I read it through four times, stared at it disapprovingly for an additional two minutes, and then reached for the phone and put in a New York call. It was going on midnight, but Wolfe never went to bed early. But when the connection was made, after a short wait, it wasn’t his voice that I heard. It was Fritz Brenner’s. “Mr. Nero Wolfe’s residence.”
Fritz, who had been with Wolfe even longer than me, had his own ideas about certain details. When he answered the phone in the daytime between nine and five he said, “Mr. Nero Wolfe’s office.” At any other time he said, “Mr. Nero Wolfe’s residence.”
“Hello, Fritz. Archie. Calling from Washington. Where’s Mr. Wolfe?”
“He’s in bed. He had a hard day. And evening.”
“Doing what?”
“He was very busy on the telephone. Also some callers. Mr. Cramer. And he had that stenographer from that place.”
“Oh. He did. Using my ty
pewriter. Do you happen to know whether he looked at the Star today?”
“The Star? ” Fritz hesitated. “Not that I know of. He never does. There is only my copy, and it’s in the kitchen.”
“Get it, and look at an ad, a small one in a box, near the lower right corner on page eleven.

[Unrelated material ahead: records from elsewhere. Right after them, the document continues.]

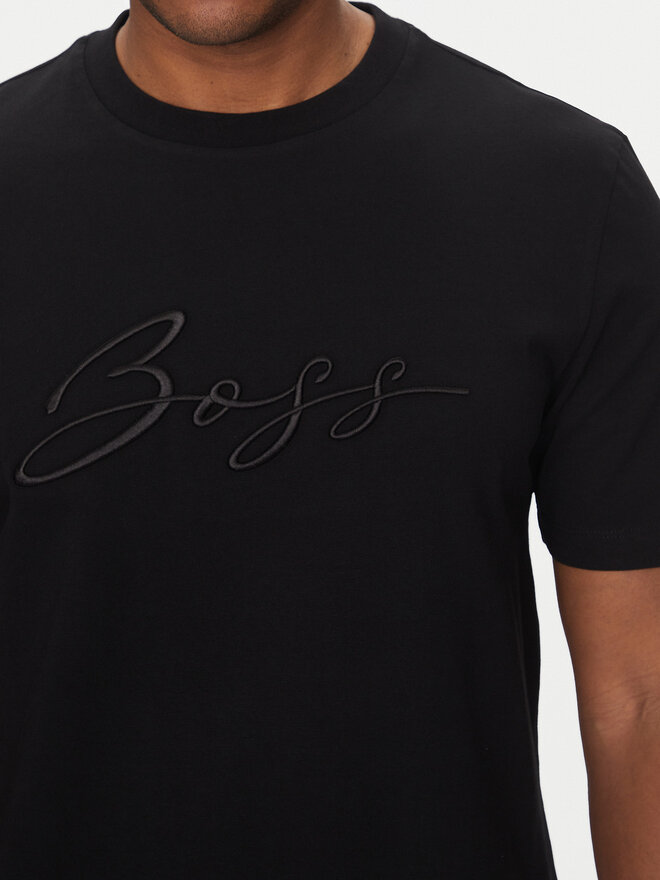 BOSS BOSS T-Shirt C-Thompson 70 50531309 Schwarz Regular Fit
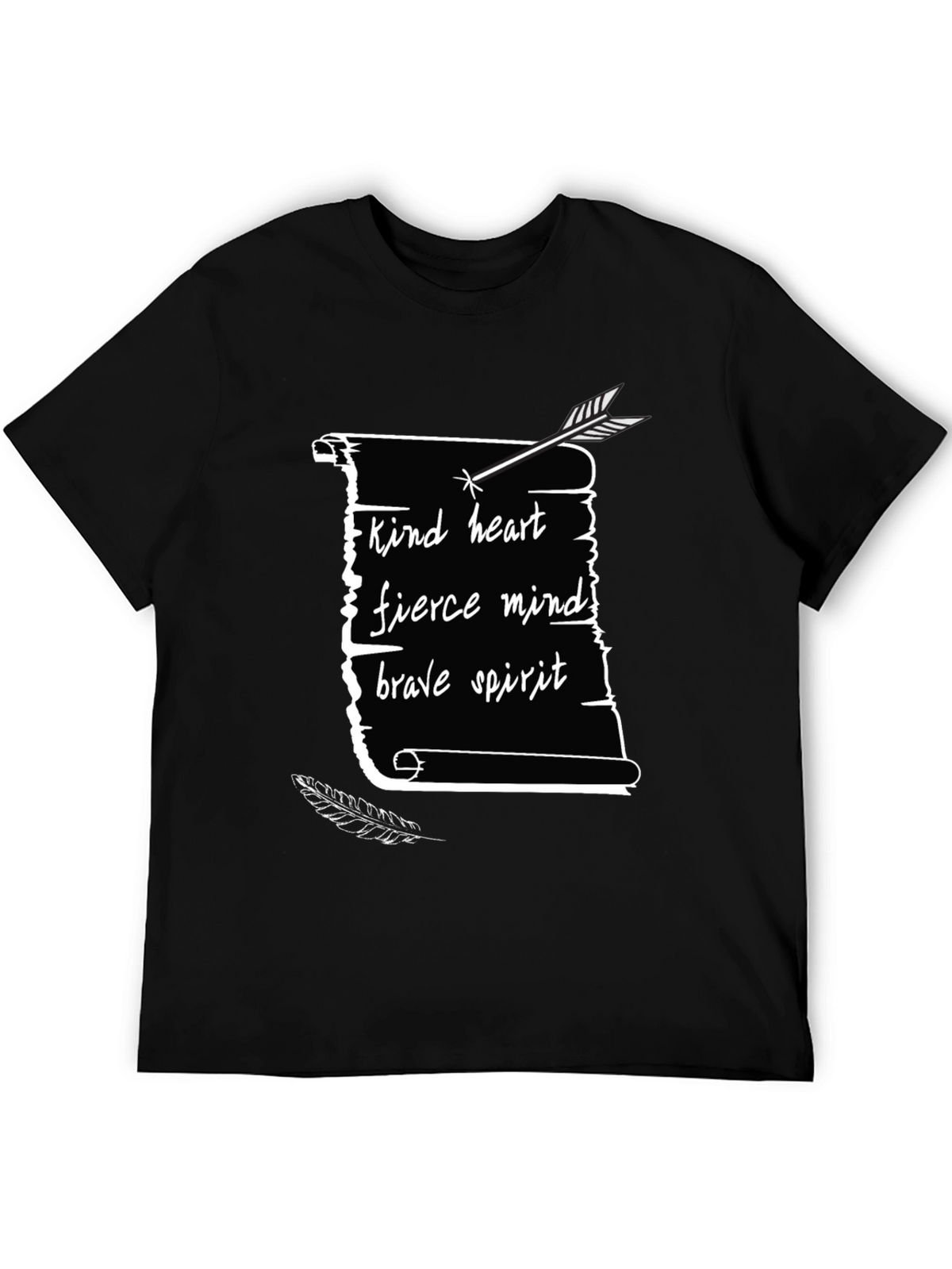 Kind Heart Brave Spirit Graphic Tee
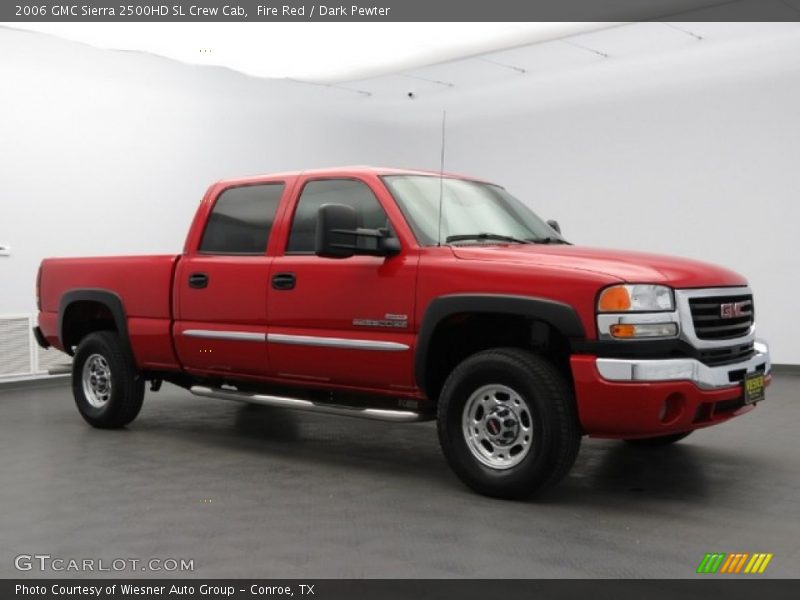 Fire Red / Dark Pewter 2006 GMC Sierra 2500HD SL Crew Cab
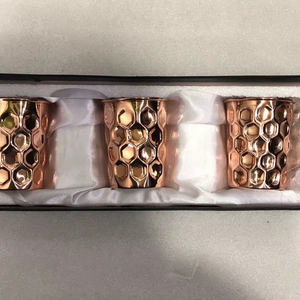 Corporate Gift Copper Glass Tumbler Premium Ayurvedic Drinking Water Cup Metal <b>Drinkware</b> Export Supplier - Product Image 1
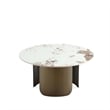 Manhattan Comfort Monica Modern Coffee Table with Stainless Steel Base in Gold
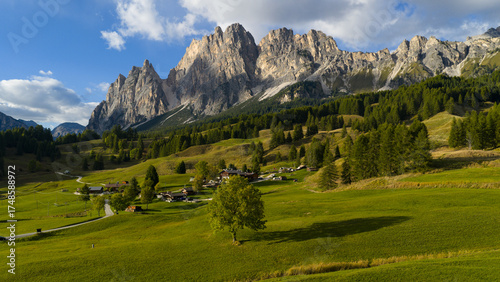 Εκτύπωση καμβά Pompagnon mountai nrange at Cortina d'Ampezzo, Dolomites, Italy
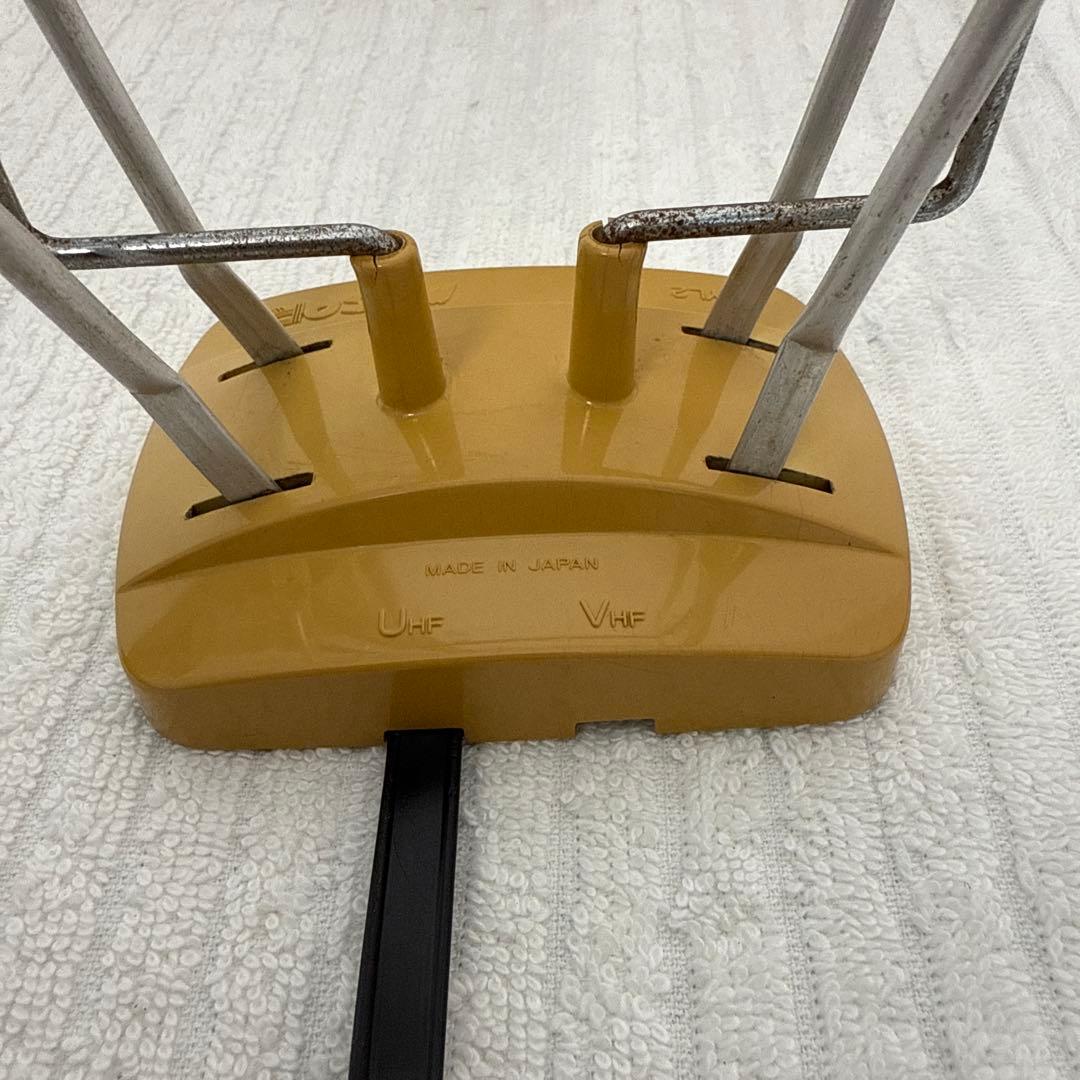 昭和レトロ・動作品】NEC カラーテレビ CV-14H8型＋アンテナ セット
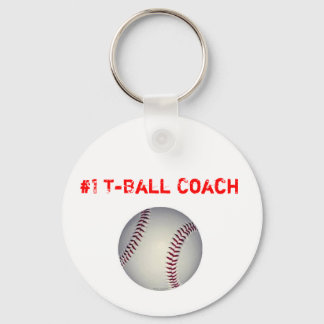 Porte-clés baseball, entraîneur T-Ball #1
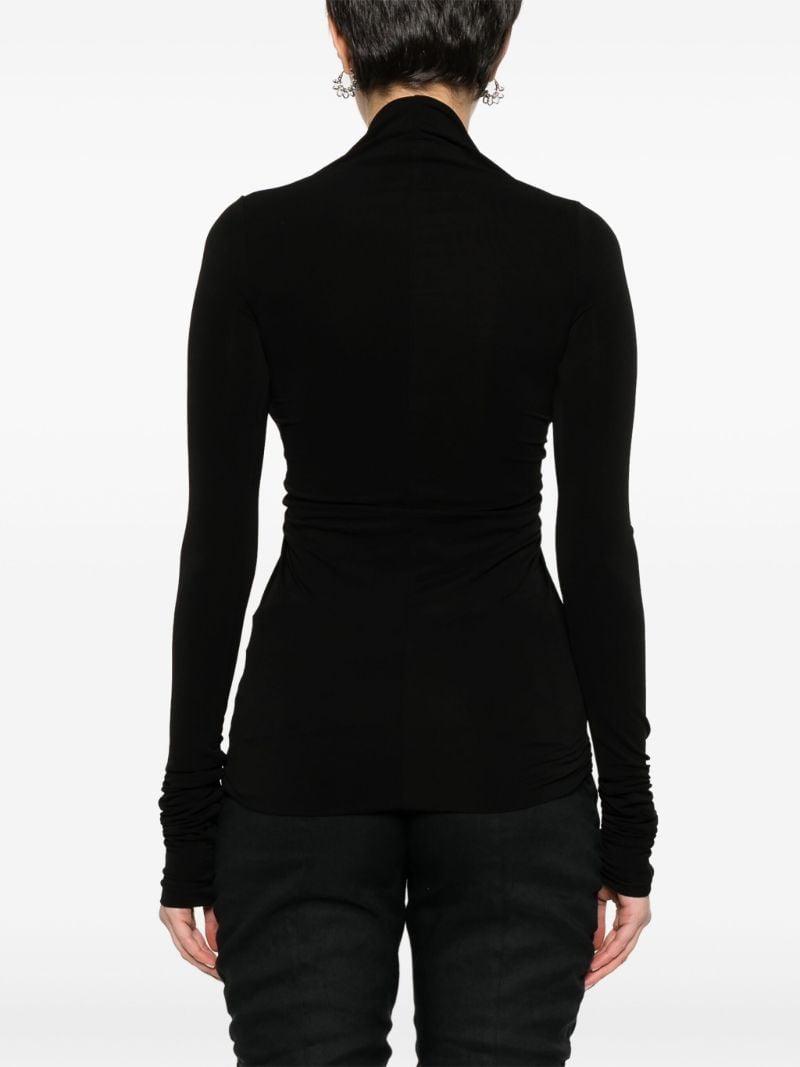 Black Prong Cut-out Top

Read it. I’ll hold the wire.”
I sat and waited. Before long he was back on. “I read it.” He sounded puzzled. “Are you calling clear from Washington to make a joke?”
“I am not. I don’t feel like joking. The Army won’t let me go anywhere. They turned me down. As you read the ad, who did it make you think of?”
“Well-it entered my mind that it was just about a good description of Mr. Wolfe.”
“Yeah, it entered mine too. If whoever wrote that wasn’t thinking of Nero Wolfe, I’ll eat it. First thing in the morning, show it to him. Tell him it looks to me-no, just show it to him. It would annoy him to be told how it looks to me. Anyhow, it will look to him the same way. How’s everything?”
“All right.”
“The bolts and the gong and so forth?”
“Yes. With you away-”
“I’ll be back tomorrow-I hope. Probably late afternoon.” Getting ready for bed, I tried to figure out in what manner, if I were making preparations to kill Nero Wolfe, I could make use of an assistant, hired on a temporary basis at a hundred bucks a day, who was a physical counterpart of Wolfe. The two schemes I devised weren’t very satisfactory, and the one I hit on after I got my head on the pillow was even worse, so I flipped the switch on the nervous system and let the muscles quit.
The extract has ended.